Daba gusto ver a Felipe González y José María Aznar en el debate que organizó El País para celebrar el cuarenta aniversario de la Constitución. Atrás quedaban las broncas y el odio sarraceno que se profesaron mutuamente durante años, y lo que quedaba eran dos profesionales de la política con aspiraciones a la inmortalidad que, con una actitud modelo pelillos a la mar, formaban frente común para defender su respectivo legado y, en el fondo, insinuar a sus sucesores que lo estaban haciendo todo de pena. Estábamos ante una de esas grandes parejas del mundo del espectáculo --pienso en Mick Jagger y Keith Richards o en Paul Simon y Art Garfunkel-- cuyos integrantes solo se dirigen la palabra en las giras porque no hay más remedio si no quieren que el show sea un desastre.

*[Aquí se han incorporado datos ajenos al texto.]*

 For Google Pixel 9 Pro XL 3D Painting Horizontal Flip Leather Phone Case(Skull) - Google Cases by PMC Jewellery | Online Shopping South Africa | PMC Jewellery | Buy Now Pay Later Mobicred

El show, en este caso, es la democracia española desde el punto de vista de la derecha y de la izquierda. Y el subtexto, que, para presidentes, nosotros, olvídense de don Tancredo Rajoy y de Pedrito Sánchez, el Niño de la Tesis. Por un día, González abandonó su circuito de conferencias internacionales y sus asesorías varias y Aznar salió de su baticueva en la FAES. Cada uno, a su estilo: González cada día tiene más pinta de patriarca gitano, hasta el punto de que solo le falta la garrota y exagerar su acento andaluz hasta conseguir hablar como el miembro de Los Chunguitos al que no se le entiende una mierda de lo que dice; Aznar, con su pelo teñido, su evocación de un bigote y sus sonrisitas siniestras, adopta el papel de Dean Martin con Jerry Lewis, aunque no tenga maldita la gracia y sus esfuerzos por mostrarse tolerante, distendido y deportivo solo funcionen para los que tenemos un sentido del humor un pelín retorcido.

González funciona bien en pareja, pero Aznar es más él cuando se enfrenta en solitario a una audiencia hostil: debería esforzarse más si se repiten los bolos con su antigua Némesis. Cuando opta por el taurino ¡dejadme solo!, el hombre brilla con luz propia, como pudimos observar en su comparecencia en el Congreso, donde contó con la colaboración de lo más tonto de la izquierda española, ejemplificada en Pablo Iglesias y, sobre todo, Gabriel Rufián.

Aznar es un hombre que cree que no tiene que dar explicaciones a nadie. Así pues, cuando se presta a un interrogatorio, lo hace con su habitual tono sobrado, displicente y despectivo. No contento con eso, miente sin que le dé la risa: nunca ha habido caja B en el PP, el JM ése de los papeles no soy yo, y así sucesivamente. Los españoles se plantan ante el televisor a ver si hay alguien que lo ponga en su sitio y lo desenmascare como el marrullero que es, pero no hay manera. Como dice el refrán, no puedes enviar a un niño a hacer el trabajo de un hombre; sobre todo, añado por mi cuenta, si el niño es medio tonto. Confiar el justo castigo a un sujeto como el pobre Rufi, que no anda sobrado de luces, aunque él se crea el príncipe de los ingenios, es desaprovechar una oportunidad de oro. De vuelta al refranero: estos bueyes tenemos, con estos bueyes aramos.

Pero no se puede enviar a una cucaracha a discutir con un caimán. La derecha --española y catalana-- fabrica unos titanes del cinismo y el desprecio insuperables: recordemos los patéticos intentos de David Fernández por infundir temor a un Rodrigo Rato que lo miraba como si no supiera si ese tío existía o si le había sentado mal el almuerzo; o a Jordi Pujol en el Parlamento catalán, donde en vez de pedir perdón por existir, les largó un chorreo colectivo a los allí presentes.

Superado el trámite de enviar al carajo a los señores congresistas, Aznar pudo acudir a su encuentro con González relajado, dando muestras de deportividad y compadreo, ensayando un show que puede tener mucho futuro. Los chicos del 78 son de traca y, lejos de pensar en la jubilación, piensan seguir el ejemplo de los Rolling Stones y diñarla en el escenario. Y a todos esos que la toman contra lo que llaman el régimen del 78, más les valdría encontrar algo mejor que un profe de universidad con pretensiones y un portero de discoteca con todavía más pretensiones si quieren enfrentarse a gigantes del espectáculo como Felipe y Josemari.